Ralph Vaughan Williams — Riders to the Sea, Magnificat

★★★★

   Modern era in musical theatre is probably the best time for traditional opera. For about a century historic works are preferred by audience and by artists. Directors of opera and choreographers are searching for forgotten works while forgetting contemporary masterpieces. This phenomenon has been intensified with the decades. Composers found some solutions like festivals and commissioning system giving them chance to hear and see their works, but such successes as those of romantic composers could not happen anymore. And yet, despite such experience, despite problems with production and money, 20th century musical stage occurred to give opulence of great works. One of composers active in opera genre was Ralph Vaughan Williams (1872-1958). His six operas were not successful at once but were important at least as a part of author’s stylistic development.

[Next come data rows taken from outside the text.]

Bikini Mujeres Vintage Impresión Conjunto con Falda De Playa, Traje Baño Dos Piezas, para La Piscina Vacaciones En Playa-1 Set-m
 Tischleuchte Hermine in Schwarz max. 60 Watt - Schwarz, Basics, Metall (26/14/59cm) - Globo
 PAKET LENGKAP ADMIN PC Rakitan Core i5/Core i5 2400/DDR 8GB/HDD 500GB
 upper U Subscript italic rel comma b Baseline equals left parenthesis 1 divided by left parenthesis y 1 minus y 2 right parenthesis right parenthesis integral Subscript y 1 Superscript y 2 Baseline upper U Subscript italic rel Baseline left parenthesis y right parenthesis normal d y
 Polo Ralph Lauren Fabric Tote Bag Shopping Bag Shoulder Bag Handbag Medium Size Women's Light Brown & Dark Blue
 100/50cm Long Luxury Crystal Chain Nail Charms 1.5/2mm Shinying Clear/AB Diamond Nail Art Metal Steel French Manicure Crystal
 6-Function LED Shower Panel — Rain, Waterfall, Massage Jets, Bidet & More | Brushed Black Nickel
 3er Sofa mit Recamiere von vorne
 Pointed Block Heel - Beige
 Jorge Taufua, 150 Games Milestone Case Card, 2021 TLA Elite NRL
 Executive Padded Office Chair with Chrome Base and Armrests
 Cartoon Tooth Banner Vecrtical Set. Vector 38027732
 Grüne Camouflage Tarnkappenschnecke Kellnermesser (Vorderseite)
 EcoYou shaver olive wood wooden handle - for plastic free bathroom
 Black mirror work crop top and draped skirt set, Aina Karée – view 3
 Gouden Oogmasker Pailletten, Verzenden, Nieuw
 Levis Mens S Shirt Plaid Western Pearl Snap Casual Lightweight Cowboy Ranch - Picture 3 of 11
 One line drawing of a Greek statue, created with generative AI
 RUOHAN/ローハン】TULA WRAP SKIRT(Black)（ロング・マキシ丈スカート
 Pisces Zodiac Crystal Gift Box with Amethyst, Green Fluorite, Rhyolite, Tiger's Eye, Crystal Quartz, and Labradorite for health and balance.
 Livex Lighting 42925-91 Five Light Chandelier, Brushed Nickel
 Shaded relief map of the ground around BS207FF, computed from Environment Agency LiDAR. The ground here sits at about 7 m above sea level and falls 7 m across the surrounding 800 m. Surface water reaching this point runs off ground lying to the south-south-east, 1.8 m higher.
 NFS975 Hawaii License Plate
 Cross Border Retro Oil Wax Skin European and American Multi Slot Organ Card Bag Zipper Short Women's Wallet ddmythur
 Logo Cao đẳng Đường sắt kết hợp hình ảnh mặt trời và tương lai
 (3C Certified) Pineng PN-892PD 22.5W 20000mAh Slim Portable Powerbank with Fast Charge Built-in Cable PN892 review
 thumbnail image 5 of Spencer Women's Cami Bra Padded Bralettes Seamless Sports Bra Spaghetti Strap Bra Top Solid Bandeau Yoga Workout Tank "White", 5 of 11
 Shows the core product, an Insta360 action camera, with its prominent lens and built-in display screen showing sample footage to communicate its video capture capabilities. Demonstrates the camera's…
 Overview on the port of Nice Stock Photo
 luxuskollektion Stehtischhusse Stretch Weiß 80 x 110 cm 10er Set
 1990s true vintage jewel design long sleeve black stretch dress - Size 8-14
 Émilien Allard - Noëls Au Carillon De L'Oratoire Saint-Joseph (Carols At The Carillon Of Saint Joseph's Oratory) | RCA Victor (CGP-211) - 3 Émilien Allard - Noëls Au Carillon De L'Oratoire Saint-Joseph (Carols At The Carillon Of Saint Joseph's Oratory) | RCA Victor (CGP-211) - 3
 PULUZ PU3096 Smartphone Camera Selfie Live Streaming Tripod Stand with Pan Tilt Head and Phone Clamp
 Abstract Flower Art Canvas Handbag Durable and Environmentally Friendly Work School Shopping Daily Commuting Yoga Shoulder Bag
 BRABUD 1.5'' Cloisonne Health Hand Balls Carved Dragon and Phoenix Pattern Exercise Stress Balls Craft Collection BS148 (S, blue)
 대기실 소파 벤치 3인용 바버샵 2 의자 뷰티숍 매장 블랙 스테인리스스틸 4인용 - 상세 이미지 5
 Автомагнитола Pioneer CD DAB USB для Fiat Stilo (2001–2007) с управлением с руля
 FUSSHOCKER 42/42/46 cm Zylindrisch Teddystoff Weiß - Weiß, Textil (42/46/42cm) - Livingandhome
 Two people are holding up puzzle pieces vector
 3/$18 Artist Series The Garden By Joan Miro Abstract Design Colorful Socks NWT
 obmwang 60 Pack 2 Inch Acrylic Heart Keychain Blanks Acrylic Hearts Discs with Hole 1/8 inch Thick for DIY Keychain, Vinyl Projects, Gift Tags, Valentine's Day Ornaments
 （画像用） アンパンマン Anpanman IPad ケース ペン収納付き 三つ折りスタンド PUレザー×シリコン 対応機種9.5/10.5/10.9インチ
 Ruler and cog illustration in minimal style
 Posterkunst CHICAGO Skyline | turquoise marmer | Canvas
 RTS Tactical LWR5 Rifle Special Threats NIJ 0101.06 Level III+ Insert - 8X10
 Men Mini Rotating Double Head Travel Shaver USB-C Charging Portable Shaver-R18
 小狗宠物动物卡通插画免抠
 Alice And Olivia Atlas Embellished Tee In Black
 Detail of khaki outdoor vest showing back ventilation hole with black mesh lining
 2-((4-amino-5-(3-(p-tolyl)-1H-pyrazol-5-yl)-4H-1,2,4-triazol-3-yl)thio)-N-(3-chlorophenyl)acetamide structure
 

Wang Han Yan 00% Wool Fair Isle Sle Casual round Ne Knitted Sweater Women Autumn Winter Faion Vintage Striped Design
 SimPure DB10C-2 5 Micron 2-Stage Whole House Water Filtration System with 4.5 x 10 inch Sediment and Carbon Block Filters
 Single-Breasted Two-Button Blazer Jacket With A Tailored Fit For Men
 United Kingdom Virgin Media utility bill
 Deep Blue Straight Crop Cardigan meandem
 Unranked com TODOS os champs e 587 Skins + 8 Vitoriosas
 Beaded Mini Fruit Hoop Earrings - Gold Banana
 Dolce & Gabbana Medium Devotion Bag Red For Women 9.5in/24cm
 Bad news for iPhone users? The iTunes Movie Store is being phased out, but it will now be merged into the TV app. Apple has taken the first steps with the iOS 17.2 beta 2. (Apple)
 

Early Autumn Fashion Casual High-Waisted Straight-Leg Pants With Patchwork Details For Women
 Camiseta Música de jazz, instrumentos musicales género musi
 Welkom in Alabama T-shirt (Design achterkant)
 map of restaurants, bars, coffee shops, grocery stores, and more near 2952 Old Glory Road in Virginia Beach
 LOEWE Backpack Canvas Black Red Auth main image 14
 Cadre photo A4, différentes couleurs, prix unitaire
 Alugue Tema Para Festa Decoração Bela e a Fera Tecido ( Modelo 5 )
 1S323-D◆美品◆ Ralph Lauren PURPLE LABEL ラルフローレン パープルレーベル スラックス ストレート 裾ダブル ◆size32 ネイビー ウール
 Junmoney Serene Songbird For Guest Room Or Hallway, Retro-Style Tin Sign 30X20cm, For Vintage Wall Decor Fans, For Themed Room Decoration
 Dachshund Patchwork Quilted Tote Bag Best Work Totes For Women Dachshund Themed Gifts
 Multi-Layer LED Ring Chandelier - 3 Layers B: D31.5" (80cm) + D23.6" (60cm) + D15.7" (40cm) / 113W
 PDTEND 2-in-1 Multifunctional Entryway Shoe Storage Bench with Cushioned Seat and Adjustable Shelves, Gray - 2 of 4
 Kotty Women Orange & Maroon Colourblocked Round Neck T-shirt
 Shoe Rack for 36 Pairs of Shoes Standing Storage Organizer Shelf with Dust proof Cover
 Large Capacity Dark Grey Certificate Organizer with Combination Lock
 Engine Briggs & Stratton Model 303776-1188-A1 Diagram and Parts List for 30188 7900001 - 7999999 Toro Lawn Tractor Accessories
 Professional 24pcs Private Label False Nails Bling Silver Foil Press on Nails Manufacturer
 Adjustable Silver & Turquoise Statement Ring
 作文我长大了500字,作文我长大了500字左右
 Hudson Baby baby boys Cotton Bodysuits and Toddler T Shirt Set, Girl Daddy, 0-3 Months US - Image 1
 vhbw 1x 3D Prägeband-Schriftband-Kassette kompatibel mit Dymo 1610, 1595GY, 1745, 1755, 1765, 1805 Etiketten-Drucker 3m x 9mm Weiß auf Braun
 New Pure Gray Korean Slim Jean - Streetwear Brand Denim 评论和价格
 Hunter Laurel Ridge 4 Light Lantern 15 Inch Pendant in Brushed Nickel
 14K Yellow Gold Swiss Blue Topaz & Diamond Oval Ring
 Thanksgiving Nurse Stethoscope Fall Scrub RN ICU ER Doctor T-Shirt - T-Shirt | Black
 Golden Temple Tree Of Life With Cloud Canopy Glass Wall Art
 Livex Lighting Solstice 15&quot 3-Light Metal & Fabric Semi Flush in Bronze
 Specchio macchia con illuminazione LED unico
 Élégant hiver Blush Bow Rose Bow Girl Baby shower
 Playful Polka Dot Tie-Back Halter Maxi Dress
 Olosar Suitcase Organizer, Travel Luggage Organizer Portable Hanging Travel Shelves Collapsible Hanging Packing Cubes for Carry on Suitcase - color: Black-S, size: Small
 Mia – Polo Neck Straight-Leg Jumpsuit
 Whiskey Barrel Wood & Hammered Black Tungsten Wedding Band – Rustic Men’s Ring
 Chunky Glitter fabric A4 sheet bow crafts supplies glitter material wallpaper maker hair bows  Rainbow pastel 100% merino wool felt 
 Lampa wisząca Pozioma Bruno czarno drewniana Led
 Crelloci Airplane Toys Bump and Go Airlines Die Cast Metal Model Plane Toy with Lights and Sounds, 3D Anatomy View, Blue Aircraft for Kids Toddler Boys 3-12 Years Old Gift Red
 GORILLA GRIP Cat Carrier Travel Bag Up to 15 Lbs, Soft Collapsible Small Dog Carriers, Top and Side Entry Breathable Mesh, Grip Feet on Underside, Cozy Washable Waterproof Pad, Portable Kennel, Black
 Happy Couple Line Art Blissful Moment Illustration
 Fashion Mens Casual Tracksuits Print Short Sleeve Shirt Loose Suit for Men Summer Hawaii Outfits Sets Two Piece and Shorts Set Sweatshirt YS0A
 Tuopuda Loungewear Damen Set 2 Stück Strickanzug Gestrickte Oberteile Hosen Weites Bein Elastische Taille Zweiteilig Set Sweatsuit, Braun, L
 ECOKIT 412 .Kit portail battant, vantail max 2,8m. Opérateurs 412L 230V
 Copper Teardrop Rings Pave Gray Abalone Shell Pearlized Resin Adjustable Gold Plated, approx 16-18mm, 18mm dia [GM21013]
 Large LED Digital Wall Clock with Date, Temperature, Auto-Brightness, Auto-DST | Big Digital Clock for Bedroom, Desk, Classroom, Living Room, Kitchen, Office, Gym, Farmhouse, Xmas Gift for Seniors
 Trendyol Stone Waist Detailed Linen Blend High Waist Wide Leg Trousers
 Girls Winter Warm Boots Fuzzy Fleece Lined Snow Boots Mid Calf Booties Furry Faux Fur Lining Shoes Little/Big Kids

It is significant, the most successful opera by Ralph Vaughan Williams, Riders to the Sea duration is 35 minutes only.
   The synopsis of Riders to the Sea is as simple as short. Based on play by John Millington Synge is the story of passing by, mourn and vanishing. Maurya, Irish mother who lost four sons, father and husband in the sea, during the show is losing her last two sons. This story shows some tendency in works of Vaughan Williams who was interested in creating music full of dramatic tension. Written in 1927 opera was revised in 1932 and premiered in 1937. Years between the wars were fruitful in Vaughan Williams’ creative life. In 1932, the year he closed working on Riders to the Sea he composed also Magnificat. He was sixty years old and his personal composing style was in best shape.

Vaughan Williams — Riders to the Sea, Magnificat (1972)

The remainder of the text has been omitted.